This is part 2 of the Disciplined Engineering series. It focuses on improving the confidence of the code produced by your team. If you haven’t already, we recommend reading Part 1: Building an Engineering Process as a prerequisite for these practices. You can also check out Part 3: Refining Your Engineering Process.

Creating Code Confidence

Ensuring the quality and sustainability of large applications can be challenging. One of the best ways to address this challenge is by adopting tools and practices that improve your overall confidence in an application’s code, reinforcing common coding practices to help engineers automatically write better code that is easy to understand and maintain. This saves time for engineers to focus on solving problems and improving the overall quality of their applications. Without these tools, it is practically impossible to consistently and sustainably create high-quality code.

Understanding what tools and practices are available to improve the team’s confidence in the code, and understanding why these tools are valuable will help you and your team use these tools to iteratively improve upon your own processes.

Testing

Unit Tests are written from a developer’s perspective. They are written to ensure that a targeted unit of code performs a precise set of tasks. Functional Tests are written from a user's perspective. They are written to ensure that a system is functioning and reacting as a user would expect it to.

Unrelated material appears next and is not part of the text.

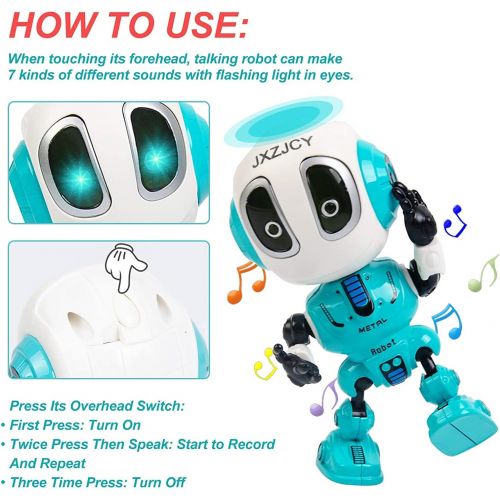  [아마존베스트]Refasy Talking Robot Toys for Kids, Mini Robot Toys Repeats What You Say with Flashing Lights and Touch Control, Children Toys Gifts for Boys and Girls Age 3 4 5 6 7 8 9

Testing is a fundamental practice for all forms of engineering. Some may argue for more or less testing or for a specific practice such as Test Driven Development (TDD). Regardless of methodology, unit testing represents the most baseline form of testing and the first step for many teams to instill confidence and quality in their software.

A good unit test validates a single unit of functionality within your code. Unit tests are the proof to your conjecture that for a certain set of inputs the code produces a certain set of outputs. There is not a strict definition for a unit test—however, the best unit tests are narrow in scope. A good rule of thumb is to write a unit test for each branch of code. This will separate the functionality of your software into atomic tests that are easy to understand and update.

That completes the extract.